Dua Jenis Teman
KAWACA.COM | INI masih soal sekolah. Masih tentang pendidikan. Tentang kegiatan belajar-mengajar. Di dalam kelas. Bagaimana menjaga suasana kelas tetap menyenangkan. Tidak ada siswa yang merasa minder –sekalipun ia tertinggal dari teman-temannya.
Peran guru sangat vital. Dalam kondisi guru harus sekaligus berperan sebagai orang tua. Seperti saya singgung di tulisan Man Nahnu sebelumnya: Guruku Inspirasiku, tugas guru memang berat. Bukan hanya mengajarkan ilmu. Lebih dari itu. Juga mendidik siswanya. Terutama menanamkan pendidikan karakter ke dalam jiwa para muridnya.
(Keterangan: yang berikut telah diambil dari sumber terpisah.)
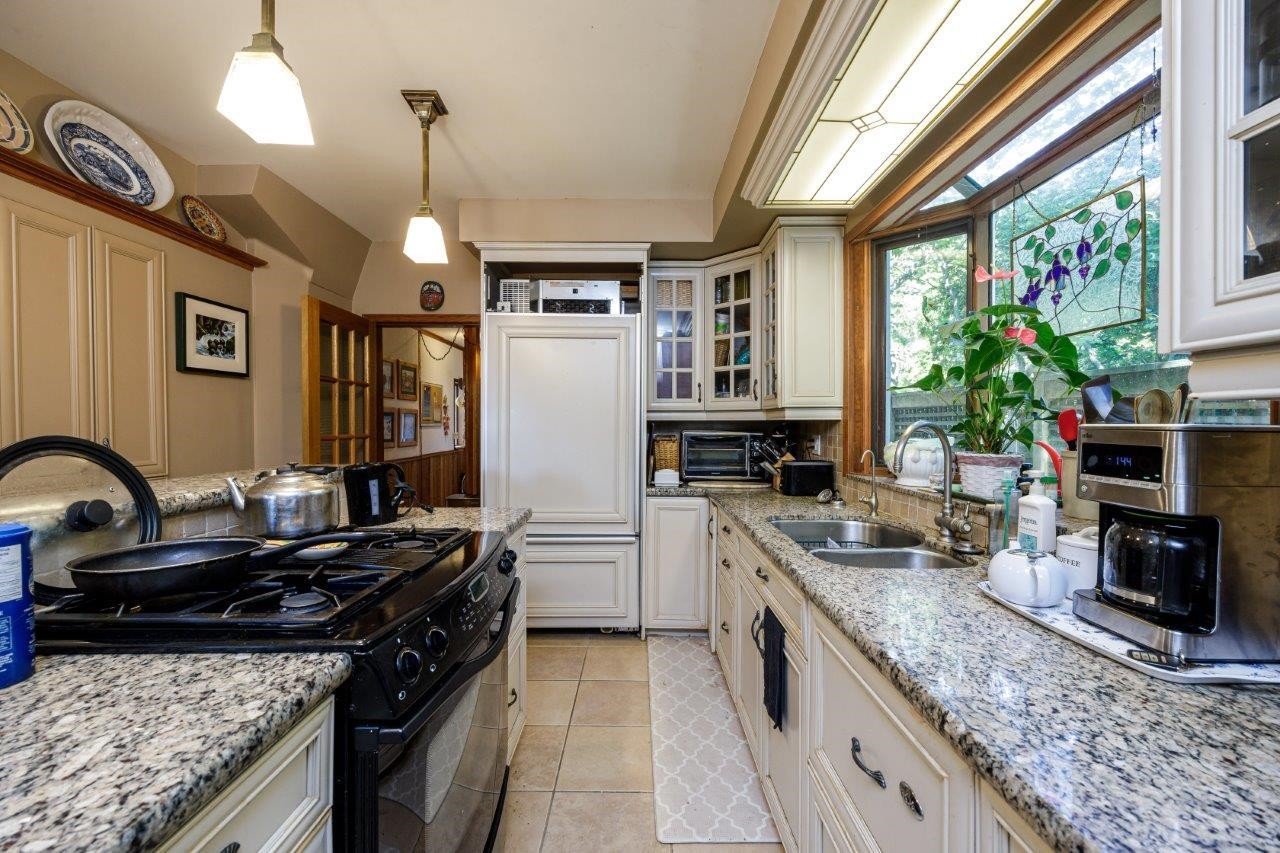 368 Kings Road E, North Vancouver, BC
Ada yang bilang begini: para orang sukses (presiden, menteri, tentara, polisi, bos perusahaan, dan lain-lain) tidak bisa dilepaskan dari peran guru. Tapi banyak orang gagal (dalam kehidupannya) juga dikaitkan dengan guru. Terutama dihubungkan dengan kegagalan guru membentuk jiwa dan karakter muridnya. Ketika mengenyam pendidikan di bangku sekolah dulu. Bila ditarik lebih ke dalam lagi: guru ”gagal” memperbaiki mental siswanya dan atau gagal mengangkat semangat serta mental siswanya yang kurang pandai dari keminderan.
Ada kisah menarik di grup WA (WhatsApp) Sastera Sahabat Kita. Saya cuplik untuk Anda semua. Alkisah, seorang guru bahasa Arab pengganti memasuki ruangan kelas di sebuah Madrasah Ibtidaiyah. Setingkat Sekolah Dasar. Ia menggantikan guru pelajaran itu. Sampai akhir semester.
Ia pun memulai pembelajaran di kelas itu. Ketika bertanya kepada seorang murid laki-laki yang duduk di bangku depan, ia bingung. Sebab tiba-tiba suasana kelas menjadi riuh. Murid-murid lainnya tertawa tanpa sebab. Si guru berusaha tetap tenang. Sambil mencari penyebabnya –tentu saja.
Akhirnya guru tadi memanfaatkan pengalaman mengajarnya. Ia mulai menganalisis: pasti ada sesuatu yang ditertawakan oleh anak-anak di kelas itu terkait diri siswa yang ia tanya tadi. Penyelidikan mulai ia lakukan. Hasilnya: ternyata anak laki-laki itu dikenal sebagai murid yang paling bodoh di kelas itu. Murid malang itu sering di-bully karena ”kebodohannya”. Teman-temannya begitu meremehkannya. Mereka sering mengolok-olok. Juga menertawakannya. Pokoknya sudah sangat keterlaluan. Simpul si guru.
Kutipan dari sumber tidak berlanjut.